I have SparkFun_Apollo3_AmbiqSuite_BSP examples “ble_freertos_amdtps” and “ble_freertos_amdtpc” compiled, using AmbiqMicroSDK Rel2.2.0, and running on each of two Redboard Artemis boards. The client (amdtpc) retrieves the MAC address of the server (amdtps) and displays it under the menu options “Show Scan Results” and “Create Connection”. I want to also display the friendly name, which is set to “Amdtp” in “amdtp_main.c” for the server. The scan results retrieved by the client with the function “AppScanGetResult()” in file “ble_menu.c” do not include the friendly name (it is not part of the “appDevInfo_t” structure). I have been trying to find a function that the client can use to retrieve the friendly name, but have been unsuccessful. I know the server broadcasts its name because the “Nrf Connect App”, running on an Android phone, sees and displays it prior to connecting. I did find the function “AppDbGetDevName()” in the “App_Framwork_API.pdf” document but there is no way to specify a handle or device ID to indicate which of the responding devices I want the name for. Regardless the function does not return anything when called from the client. Does anyone know how to retrieve the friendly name?

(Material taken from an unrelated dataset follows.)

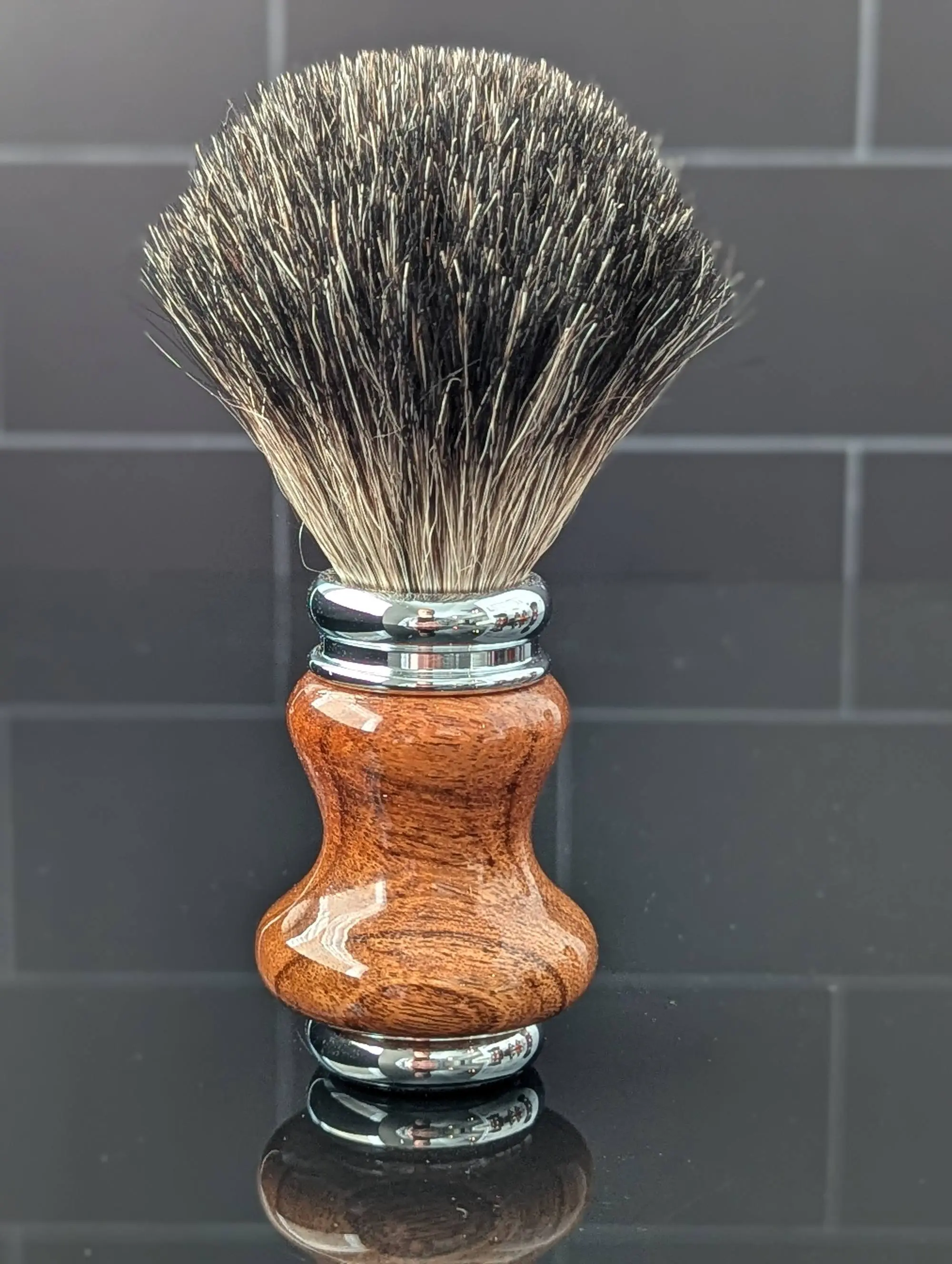 Hand-turned Badger Shave Brush Made From Texas Mesquite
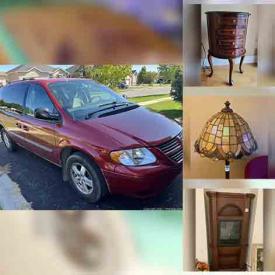 MaxSold Auction: This online auction features Dodge Caravan, area rugs, dining room table & chairs, Royal memorabilia, power lift chairs, decanter set, grandfather clock, wood slab tables, live plants, upright piano, stained-glass style lamps, small kitchen appliances, medical aids, horse brasses, Keirstead prints, desks, cedar chest, chest freezer, ladders, power, hand & yard tools, TV, electric fireplace, vinyl records and much more!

amddtpc_main.c function = amdtpcProcMsg
switch(pMsg->hdr.event)
case DM_SCAN_REPORT_IND:
#ifdef BLE_MENU
if ( pMsg->connOpen.peerRpa[0] > 1 && pMsg->connOpen.peerRpa[0] < 20) {
for (int i = 1 ; i < (pMsg->connOpen.peerRpa[0] -3); i++){
am_menu_printf(“%c”,pMsg->connOpen.peerRpa*);*
}
am_menu_printf(" = scan result\r\n");
}
#endif
Scan fills pMsg with possible connections. peerRpa array holds name. If it is a real chip, position [0] is the length of the name + 3, so… [0] = length, [1],[2].[3].etc to length - 3 will be the name. I specified length > 0 and < 20 in above statement. Worked for me and even found two chips with 2 different names. Have fun.
Hi Kerry,
I did figure out that dmEvt_t *pMsg was a pointer to the mother load of scan results, including the bd_addr and any friendly names. I passed the pointer to the ble_menu.c function “BleMenuInit()” function so that I could use it in the “showScanResults()” function. I’ve been trying to use the function DmFindAdType(), as per the example “SDK/third_party/exactle/sw/apps/watch/watch_main.c”, to locate the friendly name in pMsg->scanReport.pData but it isn’t finding it even though I can see it in the debugger memory display. Maybe I’ll have better luck with the code you are suggesting.
Randy
Yep…those names were obviously created with amdtps. I found the name hiding deep in the pMsg with Seggar Ozone and a J-Link edu mini.
Kerry,
Damn you’re good! After getting nowhere with my approach, I finally tried yours. With a few corrections to your code, voila I had the friendly name. First off, the function “amdtpcProcMsg” is in the file “amdtp_ main.c” not “amdtpc_main.c”. Then the line “am_menu_printf(”%c",pMsg->connOpen.peerRpa);" needs [ i ] appended to “peerRpa”. The problem that I have with your approach is that I don’t get the bd_addr that is associated with the friendly name, which I need later when selecting which device to connect to in the BLE_MENU. With my approach I found that the friendly name and bd_addr show up together in memory just beyond the scope of scanReport.pData so they are apparently not part of the scanResults at the point in the program when the BLE_MENU is being written. I still don’t know how to access them at that point but there must be a way. I’ll keep trying.
Randy
Kerry,
Update to my previous reply: I found that I could get the bd_addr from pMsg->scanReport.addr[0] thru [5], and like you I found that I got two different addresses for the same friendly name. One was addrType 0 (random) the other addrType 1 (public).
Randy
beautiful. You’ve got it!
I’m trying to trace:
ble_menu.c case GAP_MENUID_SCAN_START calls
amdtp.main.c AmdtpScanStart which calls
app_master_leg.c AppScanStart which calls
dm_scan.c dmScanStart which sends a message of DM_SCAN_MSG_API_START to
DM SCAN EVENT HANDLER???
Should you happen to stumble across the file / function which is called when that message fires, I would love to know. So…which file with which function handles the DM SCAN EVENT. I’ll get it eventually by loading all possible files in Ozone and setting breakpoints everywhere 'till I catch the sucker.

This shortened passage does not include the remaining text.